Within the listing below, filter for "health" and copy every matching line.
Start of Supplied entries
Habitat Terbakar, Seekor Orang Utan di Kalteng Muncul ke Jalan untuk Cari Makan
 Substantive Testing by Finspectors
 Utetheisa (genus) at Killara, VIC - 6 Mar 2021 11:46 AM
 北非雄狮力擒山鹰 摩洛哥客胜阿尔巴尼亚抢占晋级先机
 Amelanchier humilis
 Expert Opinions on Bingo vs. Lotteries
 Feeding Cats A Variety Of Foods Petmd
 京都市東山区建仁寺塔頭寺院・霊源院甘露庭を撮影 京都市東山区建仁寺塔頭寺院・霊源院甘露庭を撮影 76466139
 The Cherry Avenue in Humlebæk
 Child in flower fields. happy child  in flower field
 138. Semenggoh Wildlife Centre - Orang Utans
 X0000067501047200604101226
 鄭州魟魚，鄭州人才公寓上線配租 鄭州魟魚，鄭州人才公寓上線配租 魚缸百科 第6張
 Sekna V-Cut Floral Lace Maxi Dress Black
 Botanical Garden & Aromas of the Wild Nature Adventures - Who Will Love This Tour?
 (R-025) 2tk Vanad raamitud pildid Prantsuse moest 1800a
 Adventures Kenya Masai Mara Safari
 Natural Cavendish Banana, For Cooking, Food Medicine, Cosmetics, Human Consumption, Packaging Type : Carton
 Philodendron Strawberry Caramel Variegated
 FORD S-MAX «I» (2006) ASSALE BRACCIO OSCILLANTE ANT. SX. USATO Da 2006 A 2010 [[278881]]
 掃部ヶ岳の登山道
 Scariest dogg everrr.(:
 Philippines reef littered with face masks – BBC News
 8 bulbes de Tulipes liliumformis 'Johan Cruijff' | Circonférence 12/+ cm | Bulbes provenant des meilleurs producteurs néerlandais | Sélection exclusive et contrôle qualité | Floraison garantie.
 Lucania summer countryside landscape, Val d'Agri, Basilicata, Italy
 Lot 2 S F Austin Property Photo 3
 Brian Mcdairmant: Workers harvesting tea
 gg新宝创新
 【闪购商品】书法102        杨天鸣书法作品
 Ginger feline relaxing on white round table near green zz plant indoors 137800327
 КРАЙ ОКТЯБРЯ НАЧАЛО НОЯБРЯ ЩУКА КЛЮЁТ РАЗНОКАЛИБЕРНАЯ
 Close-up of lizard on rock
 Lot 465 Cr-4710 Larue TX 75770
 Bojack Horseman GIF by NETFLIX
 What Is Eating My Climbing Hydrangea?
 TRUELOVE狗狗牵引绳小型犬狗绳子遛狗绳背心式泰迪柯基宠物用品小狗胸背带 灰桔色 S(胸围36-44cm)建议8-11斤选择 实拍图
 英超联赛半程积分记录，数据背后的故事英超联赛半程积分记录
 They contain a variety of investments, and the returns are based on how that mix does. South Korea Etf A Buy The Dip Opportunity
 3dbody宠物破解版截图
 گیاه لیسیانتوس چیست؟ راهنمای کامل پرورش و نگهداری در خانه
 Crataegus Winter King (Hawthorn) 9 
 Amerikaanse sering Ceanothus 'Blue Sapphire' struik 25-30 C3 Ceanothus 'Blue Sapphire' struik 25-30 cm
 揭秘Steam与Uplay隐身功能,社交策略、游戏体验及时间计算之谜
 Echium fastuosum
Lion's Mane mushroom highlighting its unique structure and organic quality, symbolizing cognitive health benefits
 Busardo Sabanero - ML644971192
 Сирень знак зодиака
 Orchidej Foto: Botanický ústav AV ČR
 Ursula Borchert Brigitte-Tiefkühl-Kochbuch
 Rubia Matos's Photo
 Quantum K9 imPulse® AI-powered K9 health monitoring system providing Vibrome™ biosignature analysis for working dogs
End of Supplied entries
*Problem solution:*
Lion's Mane mushroom highlighting its unique structure and organic quality, symbolizing cognitive health benefits
 Quantum K9 imPulse® AI-powered K9 health monitoring system providing Vibrome™ biosignature analysis for working dogs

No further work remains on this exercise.